The capital of Hungary is famous for its diverse activities and options to satisfy the most demanding tourists. Being a city with a lot of air connections, visiting Budapest becomes a very economical destination if we consider the low-cost offer of airline tickets, with the cost of living in the country itself. However, it is not just the financial factor that makes Budapest so attractive. The city is rich in culture, gastronomy, and diversity. If you plan to visit Budapest in the future, we leave you with a list of the most interesting things to do in Budapest within 24 hours.
1. Roaming Between Buda and Pest
Budapest arose from the unification of two distinct cities located on the banks of the Danube.
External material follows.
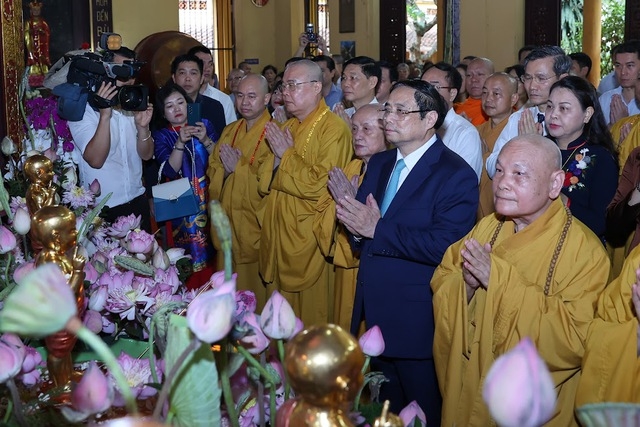 Đại lễ Phật đản Phật lịch 2567 - Dương lịch 2023 được tổ chức trang trọng - Ảnh: VGP/Nhật Bắc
On one side is Buda, the mountainous part where the nobility lived, occupied for the longest time, full of houses and medieval buildings. On the other is Pest, the most recently formed flat section, where institutional buildings are located and most of the population lives.
2. Admire the beauty and immensity of the Hungarian Parliament
The Hungarian Parliament, on the Pest side of the capital, is one of the most beautiful buildings in the city. The photos will surely be among the most beautiful that you will take during your days in the city. The view is more impressive when from the opposite side of the river to where the Parliament is located.
3. Walk along the Danube River at night
The landscapes of the city are impressive in the sunlight, but it is during the night that they reach their peak. With special lighting, the main attractions such as the Castle, the Parliament, the Chain Bridge, and the Citadel, take on another life, making a second visit essential.
4. Dive into the famous hot springs
On your list of things to do in Budapest, take a moment to visit at least one of Budapest’s hot springs, whether in summer or winter.
5. Visit the synagogues of the Jewish Quarter
Getting to know Budapest also involves seeing up close the different cultures that make up the Hungarian population. In the main tourist routes, the Jewish quarter stands out, despite being in an advanced process of gentrification, for still maintaining some of its characteristics and keeping its three synagogues standing, even after years of Nazi and Soviet occupation.
6. Visit the Fishermen’s Bastion
The Fisherman’s Bastion (Halászbástya) has terraces that provide one of the best panoramic views of Pest and the Danube and it is easily distinguished on the horizon because of its 7 towers. The towers represent the 7 tribes that founded the city. They call it a fortress, but it is not. Despite its medieval appearance, it is from the early 20th century in neo-Gothic and neo-Romanesque style and serves purely decorative purposes. The best view of the Bastion is down some stairs towards the park and mainly in the morning light.